Die Regeneratoren werden tiefer gestellt als die Oefen, gewöhnlich befinden sie sich
direct unter diesen und dienen als deren Träger. Bei dieser Anordnung treten Gas und
Luft, durch ihre Erwärmung stark gepreßt, mit Druck in den Ofen, wo die Verbrennung
ohne Luftzutritt erfolgt und unabhängig von der Essenwirkung. Der Zug erfordert
nicht viel über 15 Meter Höhe und an der Essenspitze 6 bis 8 Quadratdecimeter auf
jede in 24 Stunden verbrannte Tonne Kohlen. Auf den Werken, welche der Vegetation
schädliche Dämpfe erzeugen, besonders auf Glashütten welche schwefelsaures Natron
zerlegen, muß man eine genügende Höhe geben, um die stark condensirten sauren Gase
vom Erdboden abzuhalten, deren Einwirkung besonders in der feuchten Jahreszeit
außerordentlich heftig ist. Blecherne Essen sind für die Siemens'schen Oefen nicht vortheilhaft. Die Abkühlung des Rauches und die
Erwärmung von Gas und Luft verlangen, um vollkommen zu seyn, feuerfeste Steine,
deren Größe und Gewicht mit der erzeugten Temperatur und der Brennstoffmenge im
Verhältniß stehen. Sehr große und hohe Regeneratoren sind die besten; man darf sich
vor Uebertreibung der Dimension nicht scheuen. Die Steine bilden geradlinige Canäle,
deren Reinigung leicht seyn muß; dieser Umstand ist für Glashütten wichtig, wo die
in Gasform fortgetragenen Glasstoffe sich in den unteren Ziegelreihen condensiren
und schnell Verstopfungen bewirken.
Die ersten Siemens'schen Regeneratoren waren sehr
beschränkt und ungenügend; der Rauch entwich mit einer Temperatur von 600 bis
700°C. Die Kammerdimensionen wurden allmählich erhöht und erhält jede Gruppe
einen Fassungsraum von 2 bis 3 Kubikmeter auf je eine in 24 Stunden verbrannte Tonne
Kohlen. Die Regeneratoren für die Luft sind 5 Mal so groß als die für das Gas; an
allen aber ist der durch die Steine gebildete Raum genau gleich.

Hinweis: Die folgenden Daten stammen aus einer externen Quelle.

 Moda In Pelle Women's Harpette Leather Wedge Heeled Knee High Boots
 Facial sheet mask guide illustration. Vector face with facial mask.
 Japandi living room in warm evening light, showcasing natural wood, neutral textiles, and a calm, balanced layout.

Die durch Anwendung der Regeneratorenöfen erzielte Ersparniß an Brennmaterial war beträchtlich,
aber sehr wechselnd nach den Umständen, unter denen man sie anwendete.
Dieser neue Apparat hat auf den meisten Werken gestattet, die alten Ofendimensionen
bei gleicher Arbeitsdauer bedeutend zu erhöhen, oder die Anzahl der Schmelzungen
unter Beibehaltung der primitiven Anordnungen zu vergrößern. Der Brennstoffaufwand,
sehr oft auch die Arbeit, änderten sich dabei gegen früher nicht und die Ersparniß
war außerordentlich groß.
In anderen Industriezweigen, wo verschiedene zwingende Umstände die Beibehaltung der
alten Oefen bedingten und wo die Arbeitsdauer durch die Ruhezeiten der Arbeiter
begrenzt war, war der Effect weniger auffällig; eine gewisse Kohlenersparniß wurde
dennoch erzielt und außerdem erhielt man einen Apparat von großer
Productionsfähigkeit und Anwendbarkeit, dessen Vorzüge um so mehr hervortreten, je
besser man ihn in der Praxis kennen lernt.